### Material provided
#####
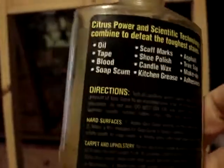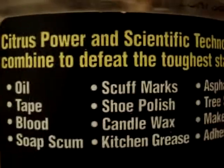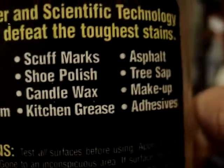So just a quick tip for display purposes — get Goo Gone, it's awesome. Citrus power and scientific technology combined to defeat the toughest things: soap scum, scuff marks, whatever. It's good stuff to have if you're a customizer or just someone who wants to keep their box clean for display. And there it is — it's back to normal, perfect condition. I did that with a couple of other figures and it worked. Get Goo Gone. Peace.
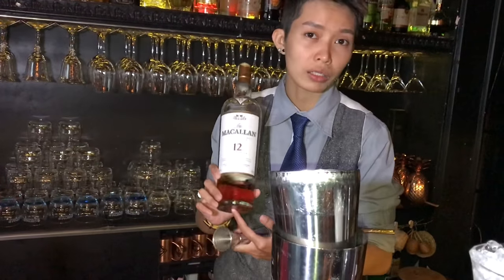Hi everybody, I'm Amun again and I will do my signature cocktail with my favorite whiskey, the Macallan. And the name of the cocktail is 'One for the Roche.'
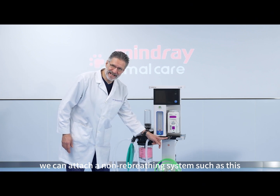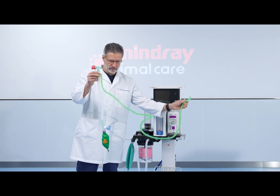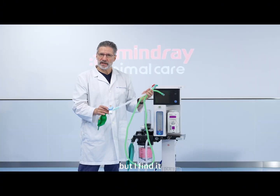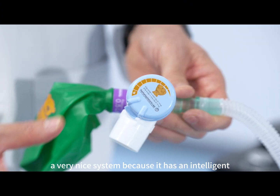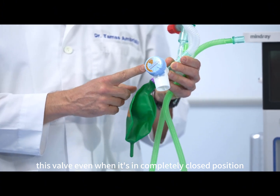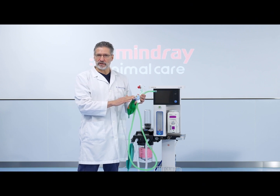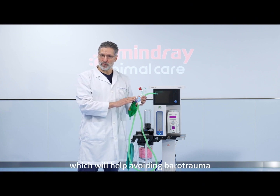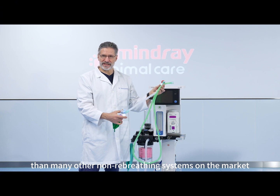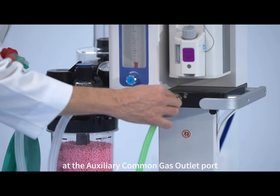We can attach here a non-rebreathing system such as this Mapleson D system from the Intersurgical company. This is just one example of a non-rebreathing system, but I find it a very nice system because it has an intelligent graded APL valve, and this valve, even when it's in the completely closed position, will open at a pressure of about 30 cm of water, which helps avoid barotrauma for your small patient. Hence I find this system is much safer than many other non-rebreathing systems on the market.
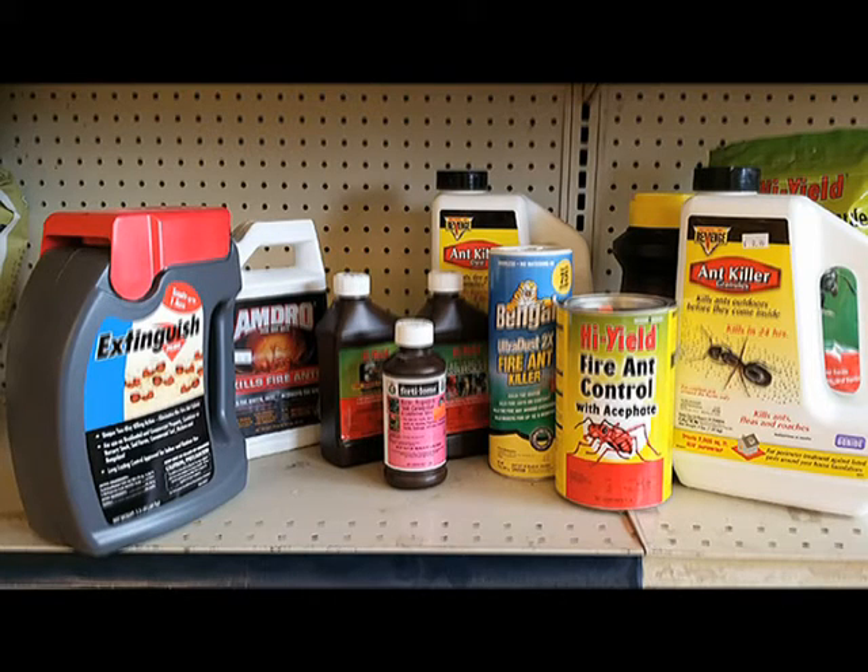Most control products are baits or contact insecticides formulated as dust, granules, aerosols, or liquids.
#####
### What this task involves
Reproduce every line above exactly as written, omitting the images.

### Solution to this exercise
So just a quick tip for display purposes — get Goo Gone, it's awesome. Citrus power and scientific technology combined to defeat the toughest things: soap scum, scuff marks, whatever. It's good stuff to have if you're a customizer or just someone who wants to keep their box clean for display. And there it is — it's back to normal, perfect condition. I did that with a couple of other figures and it worked. Get Goo Gone. Peace.
Hi everybody, I'm Amun again and I will do my signature cocktail with my favorite whiskey, the Macallan. And the name of the cocktail is 'One for the Roche.'
We can attach here a non-rebreathing system such as this Mapleson D system from the Intersurgical company. This is just one example of a non-rebreathing system, but I find it a very nice system because it has an intelligent graded APL valve, and this valve, even when it's in the completely closed position, will open at a pressure of about 30 cm of water, which helps avoid barotrauma for your small patient. Hence I find this system is much safer than many other non-rebreathing systems on the market.
Most control products are baits or contact insecticides formulated as dust, granules, aerosols, or liquids.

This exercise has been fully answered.